Nine out of 10 European Union citizens know little or nothing about the new EU constitution, a study suggests.
But half of the 25,000 people polled by the EU said they would vote in favour of the treaty, which faces referendums in 10 of 25 member states.
The UK was the only country where more of those questioned were against the constitution than in favour.
More than a third of respondents remain undecided, with doubt highest in states planning to hold a referendum.
The EU-wide poll, conducted by Eurobarometer in October last year, found that only 11% felt they knew the content of the European Constitution "globally".
Some 56% said they knew a little, while 33% had never heard of the constitution.
'Connect with citizens'
Despite their apparent ignorance, 49% said they would vote in favour with only 16% firmly against - mainly because they feared a loss of national sovereignty, the survey indicated.

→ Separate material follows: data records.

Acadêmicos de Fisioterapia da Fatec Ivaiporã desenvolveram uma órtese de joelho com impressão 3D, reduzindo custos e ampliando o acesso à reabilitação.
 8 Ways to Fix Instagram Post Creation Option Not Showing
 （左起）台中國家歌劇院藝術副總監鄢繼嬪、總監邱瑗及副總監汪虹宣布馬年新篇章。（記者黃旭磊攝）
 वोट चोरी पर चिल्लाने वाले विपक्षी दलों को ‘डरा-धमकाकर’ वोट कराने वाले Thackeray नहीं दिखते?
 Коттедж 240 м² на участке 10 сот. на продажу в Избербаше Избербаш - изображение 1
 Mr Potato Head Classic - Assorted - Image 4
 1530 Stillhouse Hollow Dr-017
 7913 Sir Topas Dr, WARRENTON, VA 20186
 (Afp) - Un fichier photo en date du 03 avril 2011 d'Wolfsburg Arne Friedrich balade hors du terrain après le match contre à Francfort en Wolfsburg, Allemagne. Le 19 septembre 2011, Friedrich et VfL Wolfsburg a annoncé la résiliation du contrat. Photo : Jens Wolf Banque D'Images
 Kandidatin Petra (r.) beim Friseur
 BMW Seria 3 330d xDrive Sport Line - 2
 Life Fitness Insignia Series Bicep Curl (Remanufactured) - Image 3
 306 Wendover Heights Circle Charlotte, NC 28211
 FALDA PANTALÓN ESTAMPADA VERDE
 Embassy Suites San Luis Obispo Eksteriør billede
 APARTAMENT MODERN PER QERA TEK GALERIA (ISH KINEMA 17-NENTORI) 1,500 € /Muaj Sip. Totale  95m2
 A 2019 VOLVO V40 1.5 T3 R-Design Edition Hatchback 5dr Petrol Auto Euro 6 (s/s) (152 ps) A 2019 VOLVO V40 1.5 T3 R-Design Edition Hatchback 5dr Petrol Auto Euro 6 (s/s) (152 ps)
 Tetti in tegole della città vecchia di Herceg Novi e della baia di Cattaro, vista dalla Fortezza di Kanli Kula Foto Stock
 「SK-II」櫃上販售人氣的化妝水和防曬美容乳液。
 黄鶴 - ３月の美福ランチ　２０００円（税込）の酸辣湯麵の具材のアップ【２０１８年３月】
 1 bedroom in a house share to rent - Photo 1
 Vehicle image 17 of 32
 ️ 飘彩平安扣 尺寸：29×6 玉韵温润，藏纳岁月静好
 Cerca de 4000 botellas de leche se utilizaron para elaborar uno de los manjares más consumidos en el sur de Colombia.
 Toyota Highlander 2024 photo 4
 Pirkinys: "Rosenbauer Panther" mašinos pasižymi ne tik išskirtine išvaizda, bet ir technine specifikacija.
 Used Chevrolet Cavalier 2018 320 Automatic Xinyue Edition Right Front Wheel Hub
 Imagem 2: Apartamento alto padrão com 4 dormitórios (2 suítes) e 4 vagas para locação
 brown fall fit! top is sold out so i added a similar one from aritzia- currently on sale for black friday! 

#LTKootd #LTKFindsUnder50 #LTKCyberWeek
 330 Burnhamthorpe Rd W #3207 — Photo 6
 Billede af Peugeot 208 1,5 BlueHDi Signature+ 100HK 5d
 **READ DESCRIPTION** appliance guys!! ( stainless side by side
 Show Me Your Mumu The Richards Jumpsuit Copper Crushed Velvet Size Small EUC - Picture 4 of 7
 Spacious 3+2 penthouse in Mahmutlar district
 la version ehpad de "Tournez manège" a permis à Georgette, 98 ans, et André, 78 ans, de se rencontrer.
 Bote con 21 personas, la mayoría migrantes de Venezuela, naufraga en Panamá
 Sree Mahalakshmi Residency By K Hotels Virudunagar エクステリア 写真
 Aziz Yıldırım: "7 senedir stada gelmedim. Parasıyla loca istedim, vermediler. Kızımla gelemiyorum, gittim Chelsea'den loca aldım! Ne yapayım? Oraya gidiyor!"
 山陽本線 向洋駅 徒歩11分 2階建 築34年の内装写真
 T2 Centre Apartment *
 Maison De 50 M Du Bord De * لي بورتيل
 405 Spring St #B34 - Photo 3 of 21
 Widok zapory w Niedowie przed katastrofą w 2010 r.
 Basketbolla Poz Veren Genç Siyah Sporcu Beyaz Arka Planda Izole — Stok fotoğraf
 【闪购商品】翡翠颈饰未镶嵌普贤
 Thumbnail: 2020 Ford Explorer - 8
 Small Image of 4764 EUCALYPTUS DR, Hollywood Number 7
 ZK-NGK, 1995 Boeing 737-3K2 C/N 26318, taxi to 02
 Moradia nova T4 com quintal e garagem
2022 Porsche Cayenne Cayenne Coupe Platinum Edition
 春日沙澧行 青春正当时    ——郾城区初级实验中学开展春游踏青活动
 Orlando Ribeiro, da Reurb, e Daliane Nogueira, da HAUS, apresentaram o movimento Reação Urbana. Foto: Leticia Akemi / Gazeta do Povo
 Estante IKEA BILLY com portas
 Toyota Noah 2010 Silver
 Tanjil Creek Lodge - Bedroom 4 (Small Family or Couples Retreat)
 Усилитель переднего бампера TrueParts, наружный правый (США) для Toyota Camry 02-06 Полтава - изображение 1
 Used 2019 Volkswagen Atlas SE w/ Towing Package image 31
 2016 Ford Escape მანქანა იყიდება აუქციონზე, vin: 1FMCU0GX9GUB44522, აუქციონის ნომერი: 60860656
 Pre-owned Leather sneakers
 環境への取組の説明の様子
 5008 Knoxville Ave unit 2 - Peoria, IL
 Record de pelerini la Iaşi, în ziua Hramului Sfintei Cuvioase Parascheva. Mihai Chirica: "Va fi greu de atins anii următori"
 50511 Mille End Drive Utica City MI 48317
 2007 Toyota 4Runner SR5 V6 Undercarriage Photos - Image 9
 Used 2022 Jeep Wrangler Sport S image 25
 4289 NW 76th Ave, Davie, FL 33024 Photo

The new constitution, approved by the EU last month, faces a plebiscite in 10 countries, including the UK, Ireland, Portugal and Spain.
More than 33% of those questioned said they had yet to make up their minds on whether they supported the constitution, with hesitation particularly high in the 10 countries where a vote will be held.
Parliaments in Lithuania and Hungary have already ratified the constitution, but a single "No" vote could stop the treaty in its tracks.
A European Commission spokesman said the more people knew of the constitution, the more they were likely to approve of it.
The treaty is an attempt to streamline EU decision-making, replacing vetoes with majority voting in many areas though not in foreign affairs, defence, social security, taxation and culture.
Margot Wallstroem, European Commission vice-president, said: "The data for countries which will hold referendums shows a high level of indecision.
"It may mean that there is a clear risk of a low turnout if campaigns are not able to connect with citizens."
The poll suggests the UK government faces the toughest campaign of all, with 30% of citizens opposed to the European constitution and only 20% in favour, according to the sample.